China is expected to levy a property tax in 10 regions on a
trial basis next year, the China Securities Journal reported
today quoting what it said was a well-informed source.
The State Administration of Taxation has picked 10 provinces and
cities, including Beijing, Shenzhen, Dalian, Jiangsu and Chongqing, to levy "virtual property taxes"
this year, which means no money will actually be collected.
Starting next year, property owners in 10 cities may have to start
paying the tax for real.
An official with the State Administration of Taxation said on
Friday that it is preparing for the introduction of the tax.
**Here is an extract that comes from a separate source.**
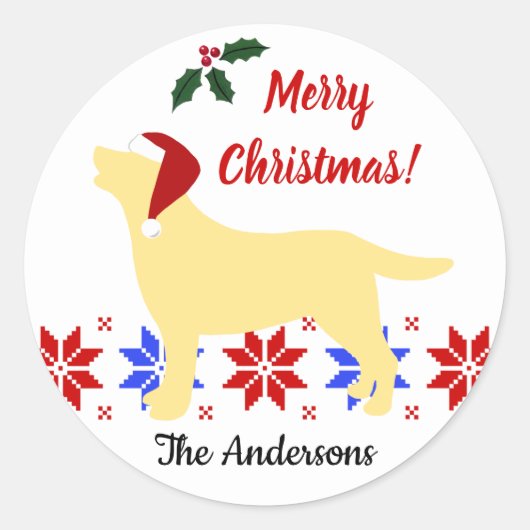 Yellow Labrador Silhouette Santa Kerstmis Ronde Sticker (Voorkant)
He
said research is needed before enacting the new policy because
large gaps exist between regional economies and the management of
properties is complicated.
"Property tax is an inner stabilizer of real estate market,"
said Fan Gang, director of the National Economic Research Institute
China Reform Foundation.
"The tax can reduce (the number of) idle properties and will be
a stable income source for the government," Fan said.
China has imposed a variety of property taxes on developers,
such as a land value-added tax, land-use tax and land-transfer
fees. Developers pass on these costs when they sell properties.
The proposed property tax is expected to convert this tax levy
into annualized tax, which will ideally slash housing prices.
Housing prices in 70 major cities in China jumped an average of
8.2 percent in August from a year earlier.